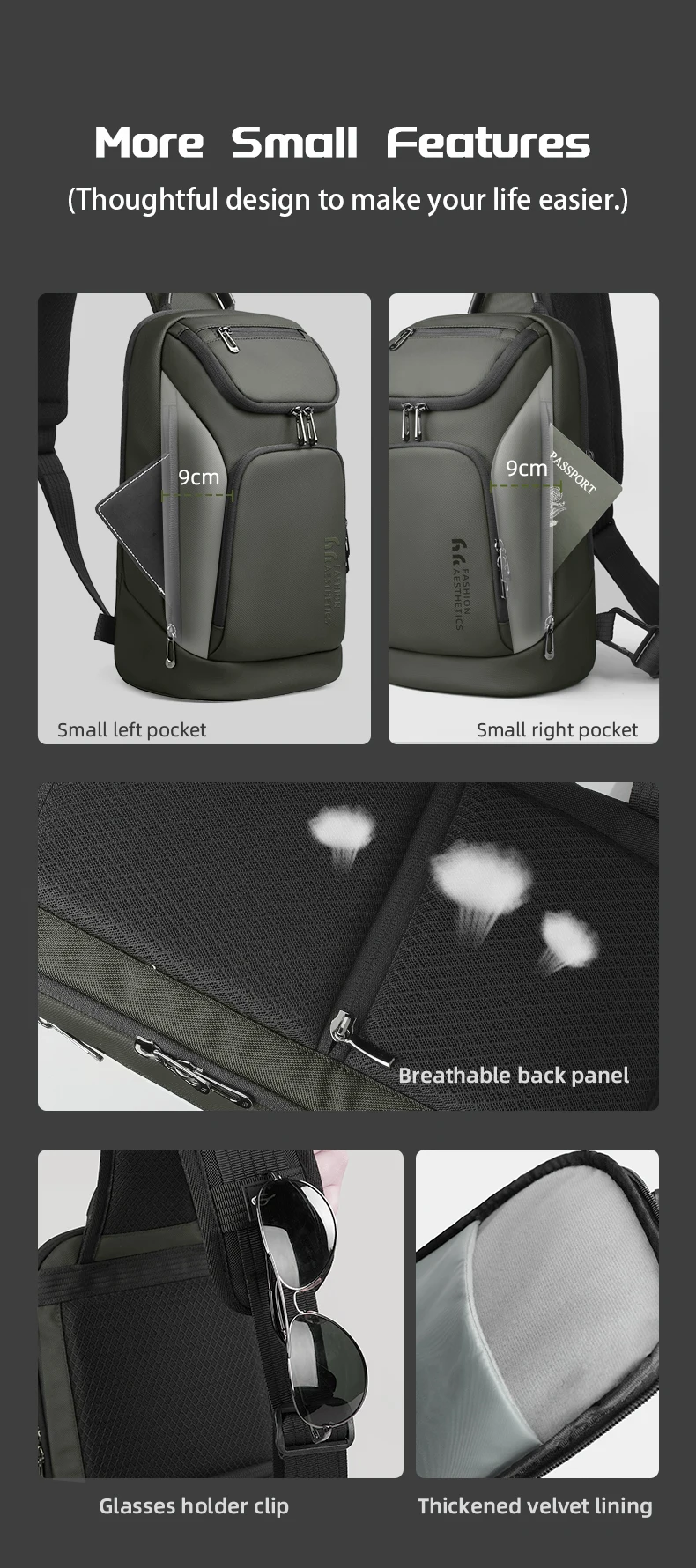 HK Multifunction Men's Shoulder Bag Waterproof Crossbody Bag Fit 11 inch iPad Lightweight Messenger Sling Bag for Travel Outdoor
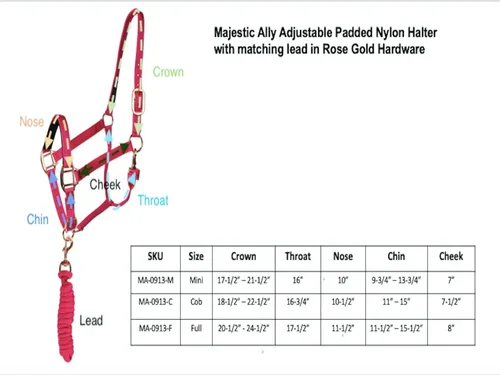 Miniatura 7 de Majestic Ally Cabestro con cuerda de plomo para caballos, barbilla ajustable y corona, pestillo de garganta enrollado con broche reemplazable, banda
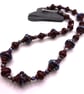 lampwork glass dark red and silver necklace - Image 1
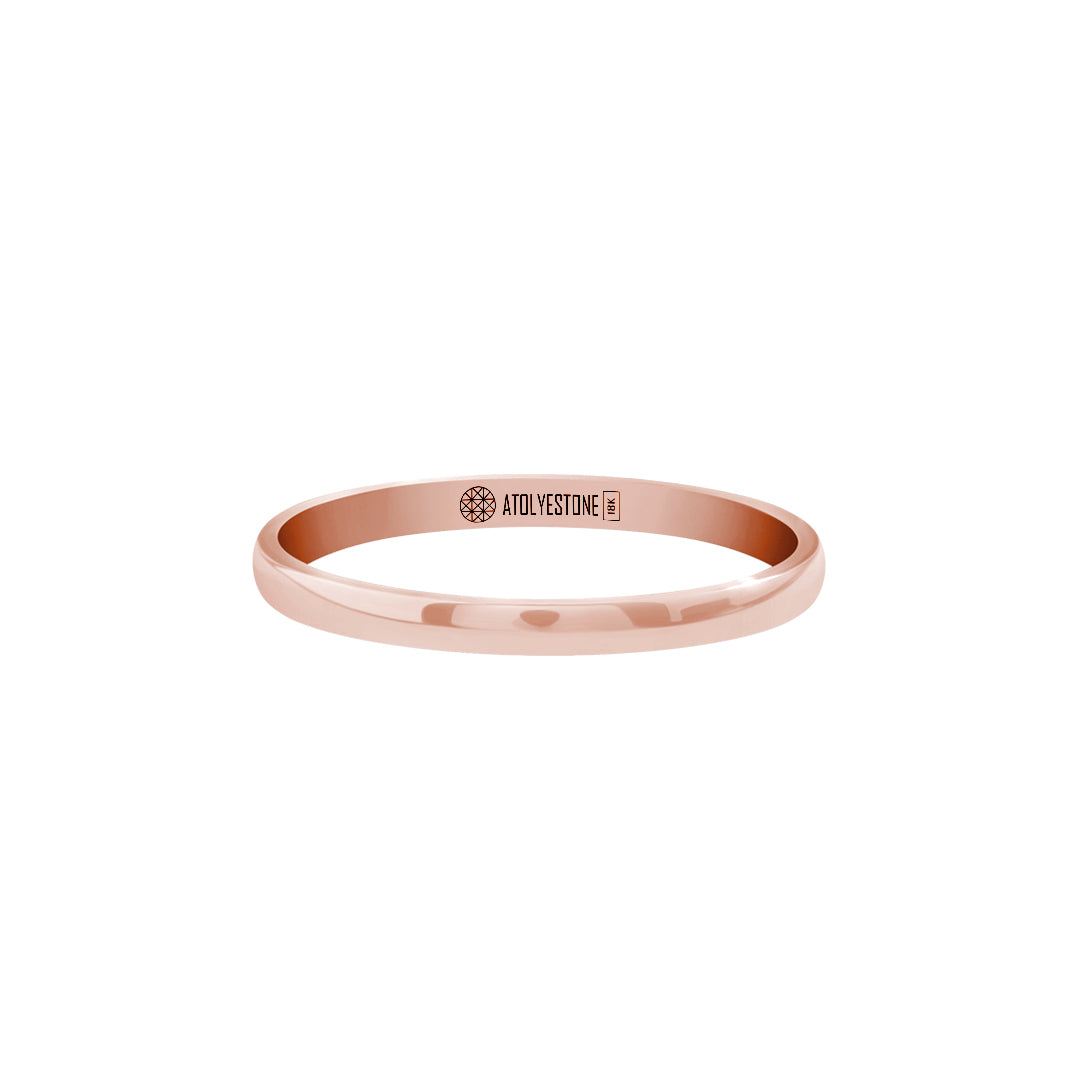 Bombeli Alyans Yüzük 2 mm Rose Altın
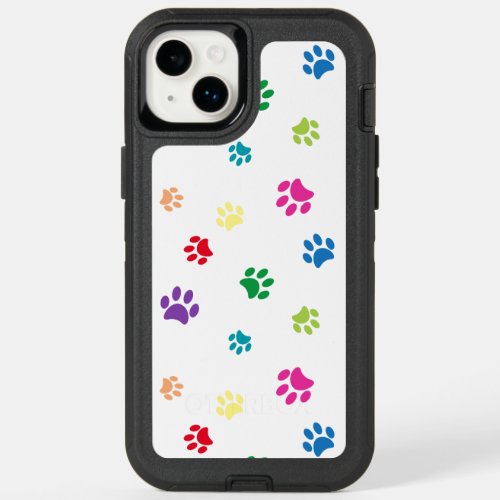 Colorful Painted Paw Prints OtterBox iPhone 14 Plus Case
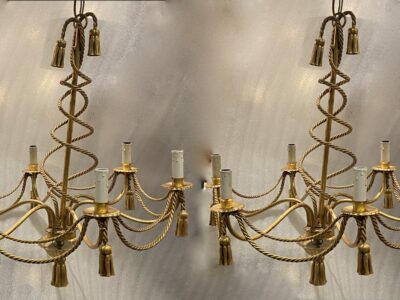 1950-70′ Pair of Golden Iron Chandeliers DLG Maison Bagués Decor Trimmings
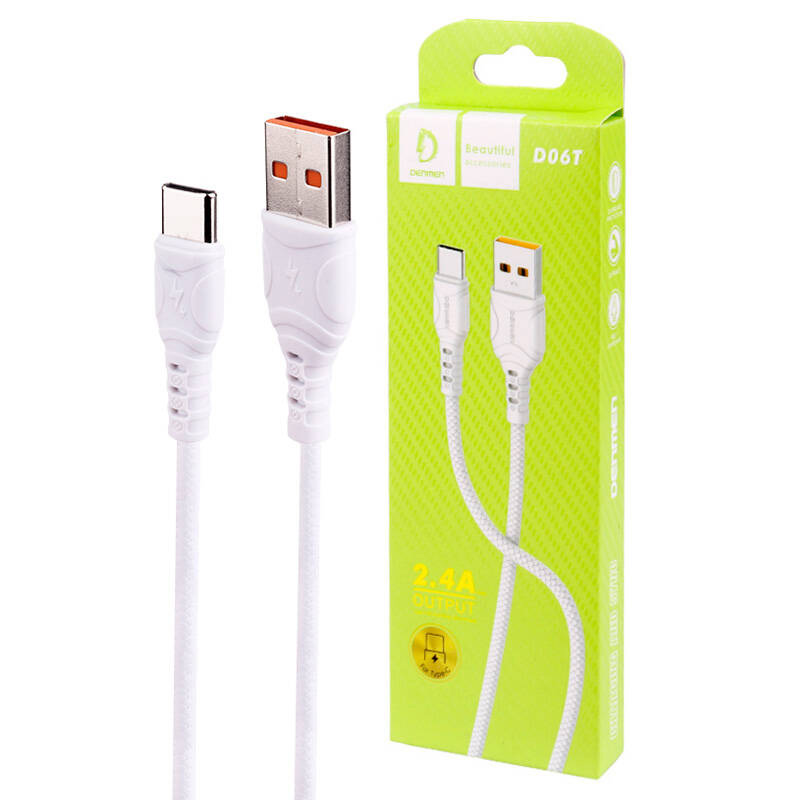 کابل شارژ TYPE C فست Denmen D06T 2.4A 1m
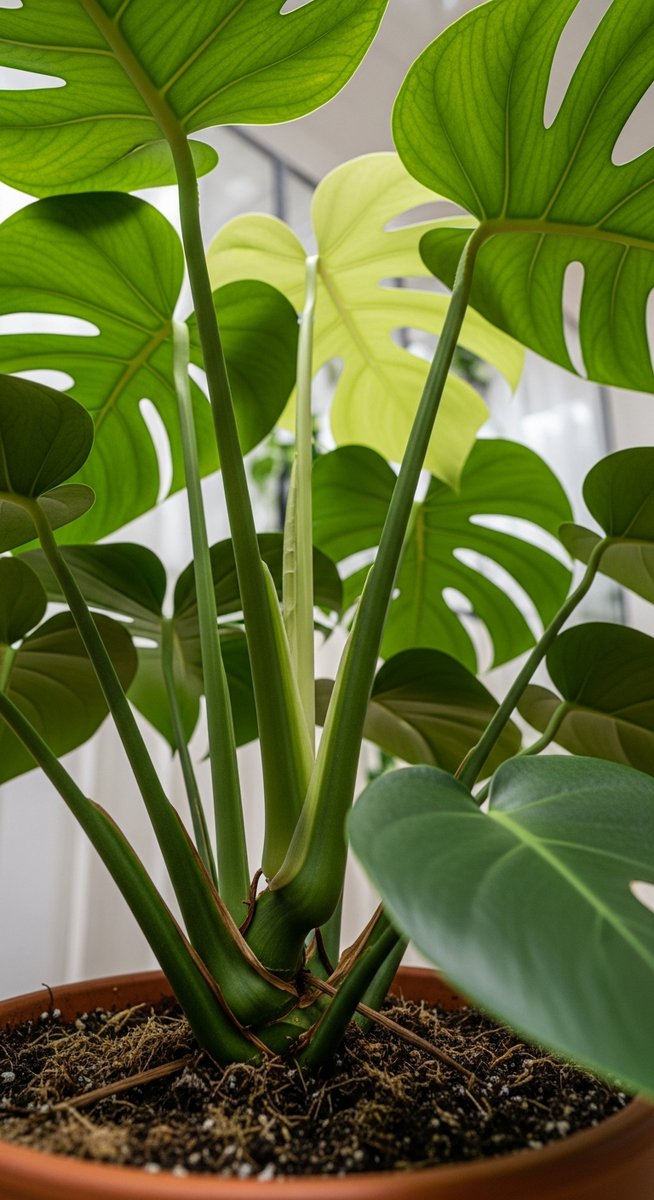 close-up of the base and lower leaves of a monstera plant, for monstera borsigiana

**TASK DIRECTIONS:** Set down the data exactly as it appears, without any images.

**EXERCISE RESULT:**
 HK Multifunction Men's Shoulder Bag Waterproof Crossbody Bag Fit 11 inch iPad Lightweight Messenger Sling Bag for Travel Outdoor
 Miniatura 7 de Majestic Ally Cabestro con cuerda de plomo para caballos, barbilla ajustable y corona, pestillo de garganta enrollado con broche reemplazable, banda
 lampwork glass dark red and silver necklace - Image 1
 Bombeli Alyans Yüzük 2 mm Rose Altın
 Colorful Painted Paw Prints OtterBox iPhone 14 Plus Case
 1950-70′ Pair of Golden Iron Chandeliers DLG Maison Bagués Decor Trimmings
 کابل شارژ TYPE C فست Denmen D06T 2.4A 1m
 close-up of the base and lower leaves of a monstera plant, for monstera borsigiana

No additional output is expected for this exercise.